BELLBROOK — An accidently overheard conversation earlier this summer forged a creative partnership with a young Xenia artist and a volunteer at Greene County Parks & Trails’ (GCP&T) Spring Lakes Park.
“I was in the Xenia Area Community Theatre (XACT) office one day when a gentleman called asking for information on artists who did murals in the area. The XACT building has one and he thought they might know of someone. When I heard the telephone conversation, it seemed a perfect fit. I had been looking for an opportunity to create a mural,” said artist Elizabeth Patterson of Xenia.
GCP&T volunteer Fred Lageman volunteers in the Spring Lakes Bait House with Jim Kahlo, Bob DeLong, Shawn Brady, Joe Stieger, Bob Neick, and Mike Jenkins with friends of the bait house, Dave Dalhamer and Dutch Camden. The team decided they wanted to look into adding a mural to the side of the building.
This dedicated band of volunteers — known within the park agency as the Fabulous Bait House Boys — have gone far beyond merely staffing the park’s bait house. The team has created window boxes, planted flowers, built benches, a duck box on the water and even hitching posts for the equestrians who come to enjoy the trails. Within the bait house, a treasure trove of memorabilia, photographs and memories greet park patrons.
Spring Lakes Park offers 23 acres with three ponds for fishing that requires a park permit but not a state fishing license.
Patterson met with the GCP&T volunteer group and provided several sketches.
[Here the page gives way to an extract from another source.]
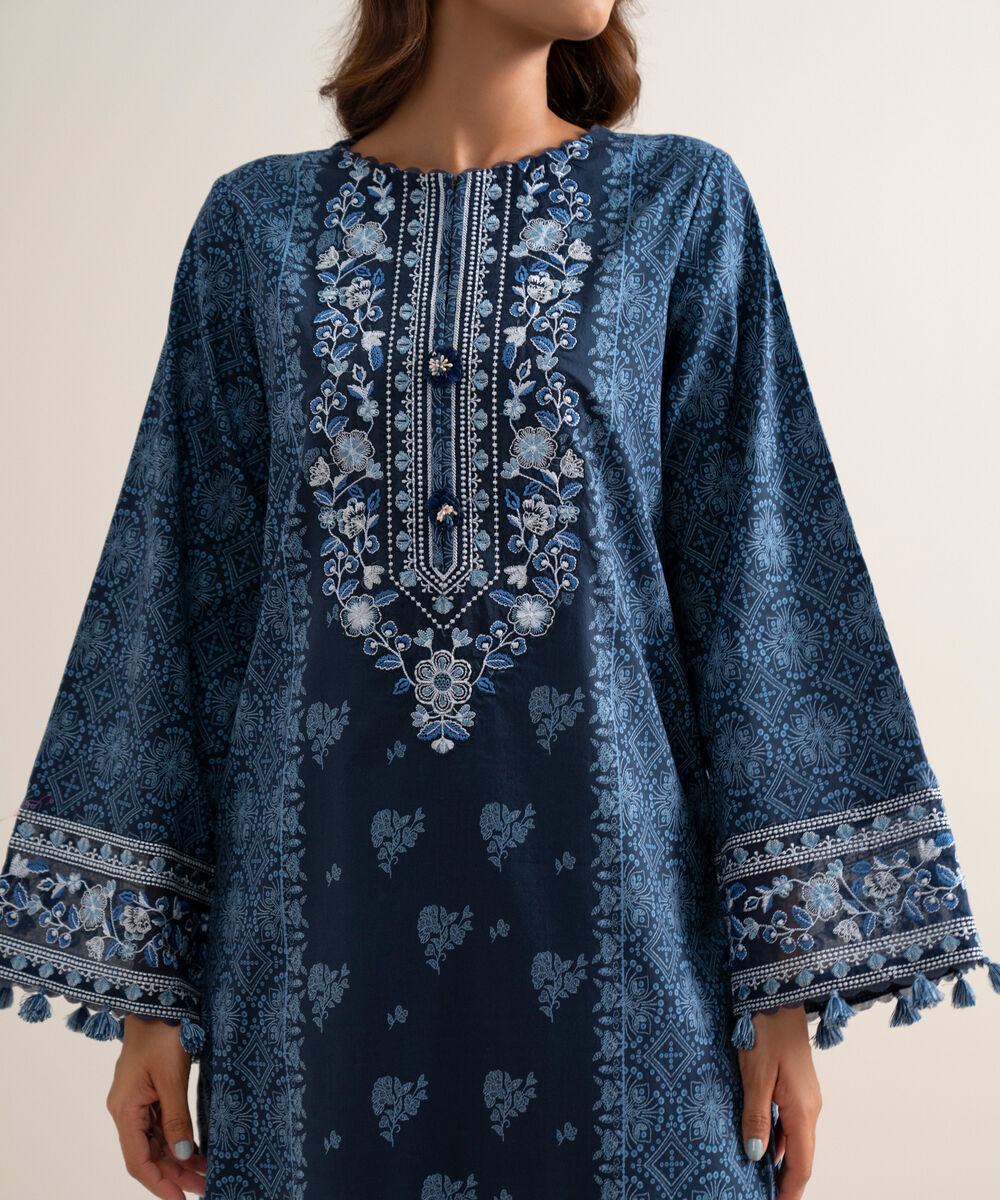 Women's Unstitched Lawn Embroidered Blue 3 Piece Suit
A final sketch of a man fishing with a young boy on a bench was selected and the work began.
The mural took approximately 12 hours to complete during the course of several weeks this summer.
Patterson, a graduate of Xenia Christian School and Cedarville University, has a history degree but art has always been part of her life.
“I was working at Reynolds and Reynolds but knew I wanted to be a full-time artist with a flexible schedule,” she said.
She now works part-time at Starbucks in Fairborn and pursues her art as well.
In July, she presented a series at XACT that focused on social justice — stereotypes and negative impacts — using oil painting and charcoal paintings.
She hopes to organize a group exhibition this fall that will feature several female artists from across the country. She is also developing the “make believe” series that features female creatives who have impacted her life. Women already highlighted in the series include Greer Garson, JK Rowling and Carrie Fisher. The series will also incorporate her writing.
Patterson strives to use art beyond just an initial impression.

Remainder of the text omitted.